I have moved a lot of times in my life – as I probably mentioned to every person in my vicinity over the past year – and I remember from a very young age, the difficulty of changing your environment on a two to three year basis. Although until the age of 11 I was homeschooled – which will probably make anyone reading this go : what on earth can be hard about moving, if you learn at home? – leaving the house I loved, the garden I used to play with my siblings (and the occasional friend) in and just a certain routine, was always a difficult mission to accomplish. Granted I was young, so when my parents got me a small suitcase to put my stuff in, I was easily and effectively appeased.
As the years went by, I began going to school and switching my environment became increasingly difficult. Arriving at a country, getting to know people, leaving them and being expected to repeat these steps, was a very hard and emotionally challenging process. And so I naturally began fearing the change of environments, and frankly, hated moving.
With all this (long) introduction in mind, I arrived in my host family in Ecuador – Over summer I was very apprehensive of what it will mean to live in yet another country.
How will I manage to go to a new environment, and build relationships/friendships whilst knowing that I’m there for only 6 and a half months. The first week was tough, like really tough, like not knowing any word besides “hi, good morning and can I help” tough.
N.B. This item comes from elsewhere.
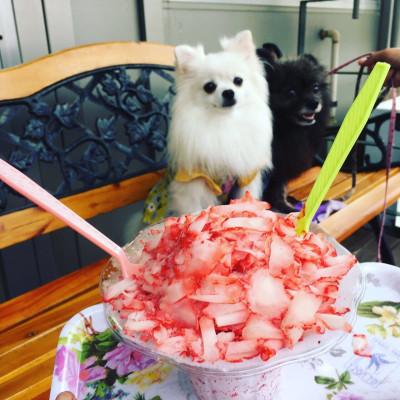 ふるさと納税 島田市 「ありすふぁーむの渡瀬のきらぴ香」完熟冷凍いちご約1kg |  | 02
After my first month I was still sure that when the time will be up, it will be very easy to leave – I was young and innocent back then. As the time passed I was forced to immerse myself into my community. It took a long time with Spanish vocabulary, conjugations and all the rest of the language learning stuff – guys, stop saying Spanish is easy, it ain’t once you go beyond “Hola”.
It took time, hard work, and genuine commitment but I did it, I became a part of the family. They became a part of my life and I became a part of theirs. My (second) family treated me as one of their own: my mom would call from work to make sure I ate, whilst my dad would try and convince me to go with him to as many cross-fit trainings as possible – it gets very tough when you do it more than once a week (believe me, I would know) – my sister would make fun of me whilst telling me about her boy problems, and my brother would just jump on me at random times whilst screaming: “ornini , ornini”. Although at times I wanted to be back at home or left alone in my room. now when I’m back and I realise that I will not see these people for the coming years, that no one will try and convince me every day to eat about a kilo of rice and a guinea pig, or tell me that I need to grow some muscles. I understand how much I miss my family in Ecuador, and how fortunate I was to become a part of that family.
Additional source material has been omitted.